About the great George Booth and a Staffordshire bull terrier

As I read the Times’ obit on the genius New Yorker cartoonist, George Booth, I was looking for one particular fact — confirmation that Booth had owned at least one Staffordshire bulldog in his lifetime.

You know, that crazy dog who, in two dimensions, is a star in Booth’s cartoons.

The reason I looked for Booth’s own, real dog is because years ago an odd large woman I knew told me Booth based his cartoon dog on his own dog. And she knew this because she had a Staffordshire and I guess Staffordshire owners know about other Staffordsire owners. It’s a secret sect, or something. Sect members call their dogs “Staffis.” Cute.

I met her Staffi one day. That is, I “met” her Staffi, name long forgotten. She owned a house in Brooklyn and lived in the lower duplex. Actually, no. She lived in the upper floor of the lower duplex; the Staffi occupied the entire lower floor.
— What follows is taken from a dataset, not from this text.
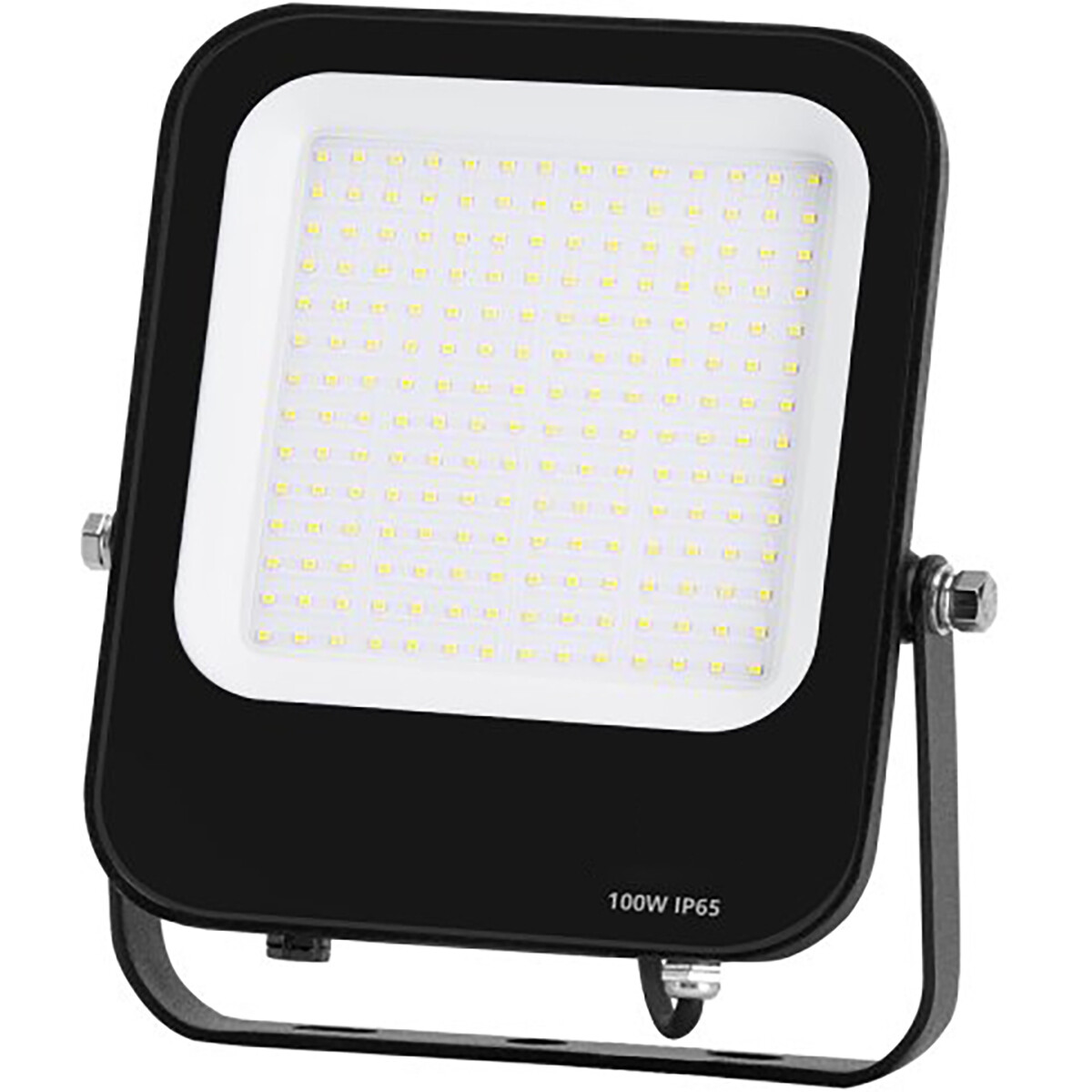 Projecteur LED - Aigi Rekan - 100 Watt - Blanc Froid 6500K - Étanche IP65 - Rectangle - Mat Noir - Aluminium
I do not like bulldogs of any breed. A long time ago they were bred to kill and they look like they haven’t forgotten. How comforting, then, was the strong gate this woman had installed across the top of the stairway to her Staffi’s residence. He lumbered up the stairs to view us. I say “view” because he exhibited no interest in saying “hi,” not even to his employee (the odd large woman). He stood there, a massive beast, glaring at us.

The woman went over to address or pet him. She assured me she wouldn’t be letting him into our area because he was, well, unpredictable around strange people. Of whom I was one.

I didn’t doubt her story about George Booth’s Staffi. In any case, I couldn’t have easily checked it, given that back then there was no Google. So that’s what I was reading the Times obit to find out.

Well, that odd large woman was full of (dog) shit. Booth never had dogs at all, although he occasionally had cats.

The Times lavished the obit with Booth cartoons, some with that crazy dog. I laughed as much as I did when I first saw them in the New Yorker, but this time there was a little “ha ha!” edge in my laughter, over his non-existent Staffordshire.

George Booth’s memory will be more than a blessing. It’ll be eternal hilarity. Minus one live Staffordshire bull terrier.